• _TASK INSTRUCTIONS_
With the images removed, reproduce each entry below word for word.

═══ WORKING DATA

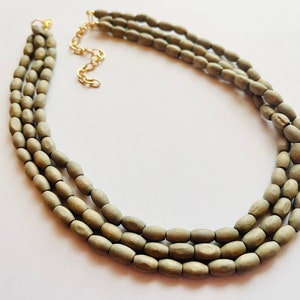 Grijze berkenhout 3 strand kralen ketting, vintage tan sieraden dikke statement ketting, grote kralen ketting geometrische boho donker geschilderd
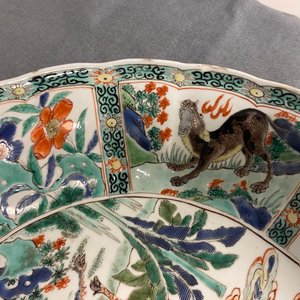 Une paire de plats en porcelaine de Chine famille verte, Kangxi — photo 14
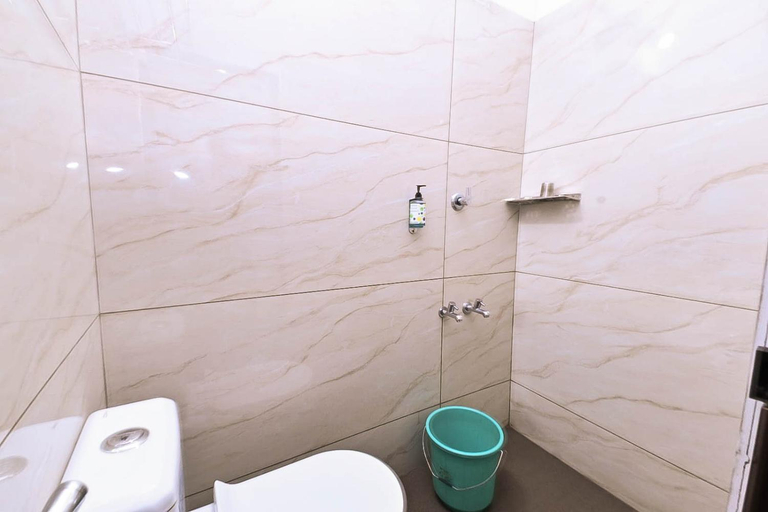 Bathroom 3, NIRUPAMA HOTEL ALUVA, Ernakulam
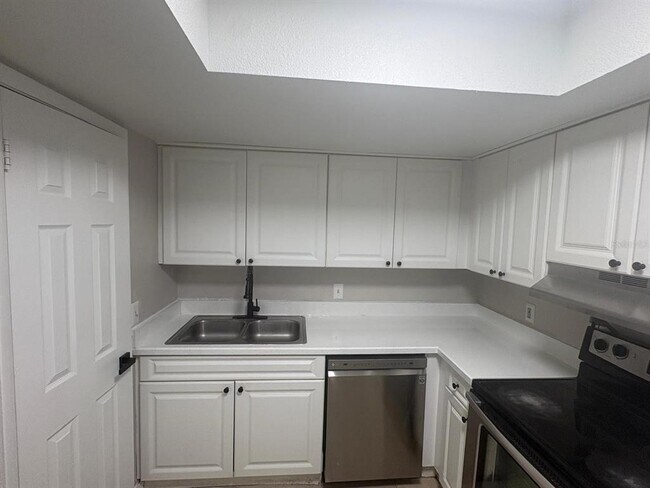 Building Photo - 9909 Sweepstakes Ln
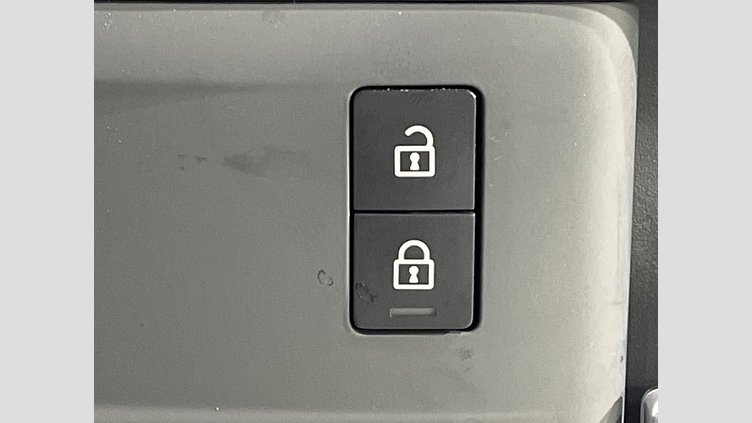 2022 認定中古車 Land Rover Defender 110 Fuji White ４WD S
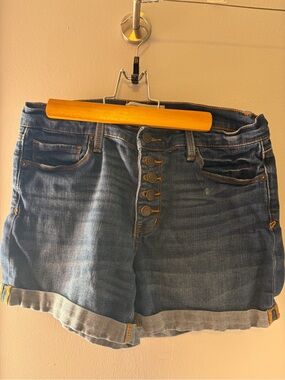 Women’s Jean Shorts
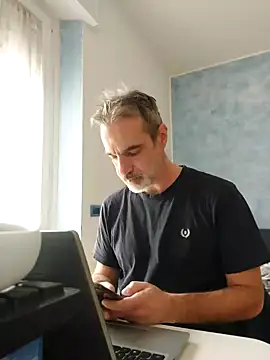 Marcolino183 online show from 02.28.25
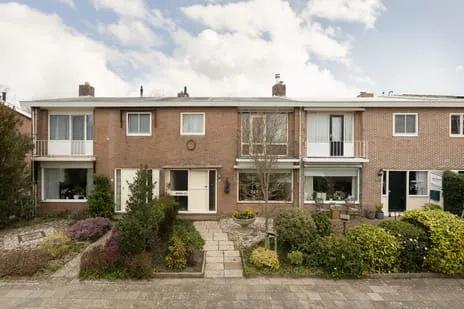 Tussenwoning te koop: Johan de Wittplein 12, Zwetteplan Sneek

══════

• _ANSWER SPACE_
 Grijze berkenhout 3 strand kralen ketting, vintage tan sieraden dikke statement ketting, grote kralen ketting geometrische boho donker geschilderd
 Une paire de plats en porcelaine de Chine famille verte, Kangxi — photo 14
 Bathroom 3, NIRUPAMA HOTEL ALUVA, Ernakulam
 Building Photo - 9909 Sweepstakes Ln
 2022 認定中古車 Land Rover Defender 110 Fuji White ４WD S
 Women’s Jean Shorts
 Marcolino183 online show from 02.28.25
 Tussenwoning te koop: Johan de Wittplein 12, Zwetteplan Sneek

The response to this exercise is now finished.